As one of his first official acts, President Roosevelt proclaimed a nationwide bank holiday to commence on March 6 and last four days. Administration officials quickly began to draft legislation designed to legalize the holiday and resolve the banking crisis. Early in their deliberations they realized that the success of any proposed plan of action primarily would hinge on favorable public reaction. As noted by Raymond Moley, a key presidential adviser who attended many of the planning sessions:

We knew how much of banking depended upon make-believe or, stated more conservatively, the vital part that public confidence had in assuring solvency.4

To secure public support, officials formulated a plan that relied on orthodox banking procedures.[emphasis added]

Schlesinger

The tenets of the First New Deal were that the technological revolution had rendered bigness inevitable; that competition could no longer be relied on to protect social interests; that large units were and opportunity to be seized rather than a danger to be fought; and that the formula for stabilit in the new society must be combination and ooperation under larger federal authority. This meant the creation of new institutions, public and private, to do what competition had once done (or was supposed to have done) in the way of balancing the economy --institutions which might well alter the existing pattern of individual economic diceision, especially on investment, production, and price. ...
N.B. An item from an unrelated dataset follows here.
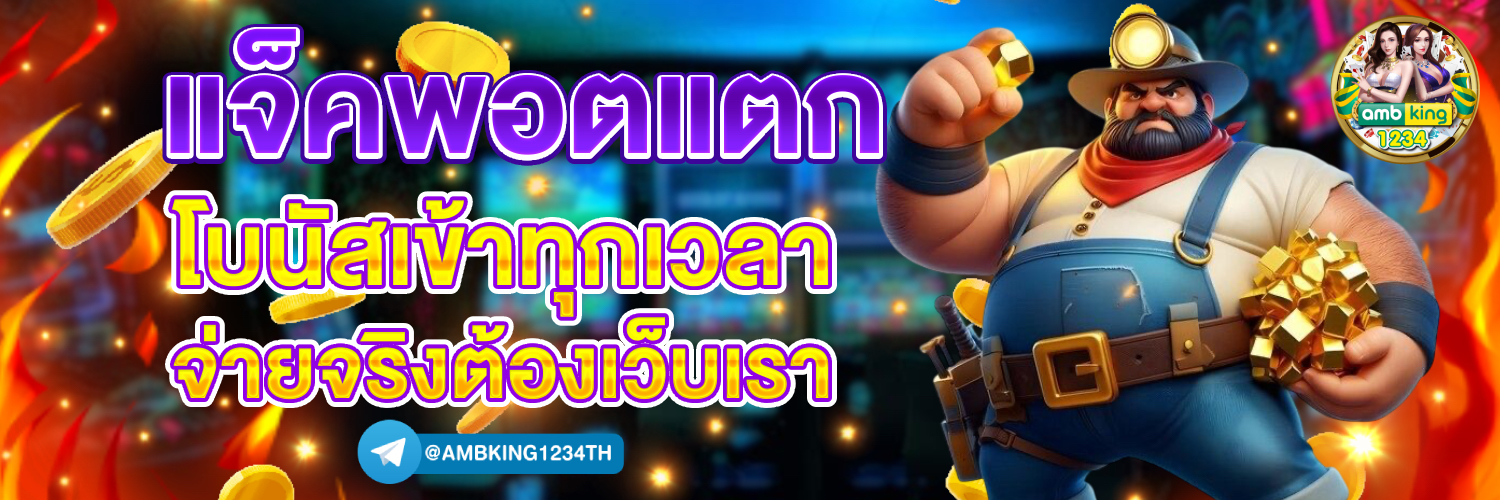 ฝากถอน ไม่มี ขั้น ต่ํา วอ เลท - แบนเนอร์โปรโมชั่น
The United States was not unique, of course, in this self-absorption. Everywhere governments were building economic walls to seal off their lands from the global decline and to protec their national recovery programs from the export of other nations' depression. In looking homeward, the United States was sharing --as it had been for some years-- in a world-wide movement toward economic nationalism.

Yet nationalism could take diverse forms; and the nationalism of the First New Deal was different from that of the preceding Republican administration. The nationalism of Herbert Hoover aimed to protect the domestic industrial and agricultural structure by raising the tariff. At the same time, however, it clung to the international gold standard. The nationalism of AAA [Agricultural Adjustment Act, May '33] and NRA [National (Industrial) Recovery Act, June '33], on the other hand, aimed to free the national economy from international monetary institutions which prevented domestic planning; at the same time, it saw little point in increasing tariff barriers. Tte conservative version of economic nationalism was thus nationalist in trade, internationalist in finance; the liberal version, internationalist in trade, nationalist in finance. [1958: 179-185]

The "Blueprint for Modernization,"  of course, resolves a neo-liberal, totalitarian agenda to guarantee income by nationalizing financial products to conform to US Basel Accord (BCBS) accounting standards of international trade. We all will be in this together.

Diversity is the key to economic and political evolution.